New To Us – Reservations

You may well have read last week that the most drunkenly-British of institutions the night club is in serious danger of dying out. Any industry that has contracted by over 50% in a decade is not looking bright eyed and rosy cheeked. It is official: Britain no longer feels the need to combine dancing and drinking. We can’t say we’ve ever been huge clubbers here at For The Rabbits; as you might have guessed from the large swathes of undanceable bands we’ve covered over the last couple of years, but it does raise questions not just for clubs, but for all night life. If the clubs are on the wane, then is live music next? What can be learned from the shrinking of the clubbing industry?

What is clear from reading into the subject is that nobody seems to be able to tie the demise to one particular factor. Some blame Councils, some the internet, some the array of options available elsewhere. Alex Proud, a night club owner, wrote an interesting article for the Telegraph on the subject of governments and councils. (You can read it HERE) It’s clear from his article where he places the blame: austerity. According to Alex, cuts in policing budgets with no reduction in arrest targets have made them head for easy options. Phone theft, public disorder and large congregations of people drinking, or as the police call them, “crime generators” have all been targeted, and as such night clubs are seen as easy pickings. Getting a club license is now difficult and keeping a license even harder and doing that without making entering your club like going through airport security, almost impossible. Alex also rightly points out, as many have, that the gentrification of our cities has caused many problems, the people who moved into the rough city centres and caused the original clubbing boom are now older, have families and good jobs and want peace and quiet, not the loud clubs that once drew them in. The youth have been pushed further out by rising house prices and as such the night-life is now less accessible to the people who would traditionally be filling the gaps and attending these night clubs.

This of course is only one part of the problem, night club owners understandably are quick to blame everyone else, and reluctant to admit that their clubs problems might actually be down to them not providing what people want any more. Which brings us to another pressing issue, do people actually like going out any more? The internet has given us so much; all music is now pretty much accessible by anyone, for free, twenty four hours a day. So whilst as recently as the early 2000’s, night clubs were still the only place, apart from the radio, to hear the new track from your favourite band, that’s no longer the case. New music used to be a key part of going to the indie-disco, now it tends to be drenched in nostalgia, people want to reminisce about Brit-pop more than they want to listen to modern British music. You need only look at the array of nostalgia themed nights to see that the shift has happened; clubs cannot keep up with the ever shifting sands of music culture.

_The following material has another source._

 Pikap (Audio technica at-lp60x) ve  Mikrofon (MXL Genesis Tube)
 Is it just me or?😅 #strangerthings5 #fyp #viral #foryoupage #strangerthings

The internet also gave us the rise of social media. It sounds utterly ridiculous, but one of the reasons quoted with regards to making night clubs less popular is that they’re too dark to take Instagram pictures in. Are the youth of today that obsessed with taking photos of things, that they require constant good lighting?! Social media is also at least partly responsible for the rise in the amount of niche nights out available, whilst previously it was difficult to locate your local knitting group, immersive theatre performance or real ale appreciation society, now you can pretty much find a group of people who want to do whatever you want to do. We’ve never had so many options, so we’ve never been able to cast aside traditional, sticky floored, booze laden, noisy, dark hole-in-the-grounds with so little fear of missing out.

Then there’s the argument that people of a certain age, quite possibly our age, really struggle to understand. Night clubs are now not the easiest place to go and pull! It’s terribly sad to admit it now, but isn’t that why a vast majority of people went to them in the first place? They were always terrible places to locate a prospective mate anyway, far too loud for one, so it’s perhaps no surprise that people have looked into other avenues. Even if you don’t find anyone who catches your eye at your swing-dance class or the Lambeth County Fair (for those who live in the countryside that’s basically London pretending to be a farm for the day and every bit as stupid as that sounds) then you can just log onto Tinder (or it’s more prim and proper sister Guardian Soulmates), and track someone you like the look of down without having to even actually get out of your chair.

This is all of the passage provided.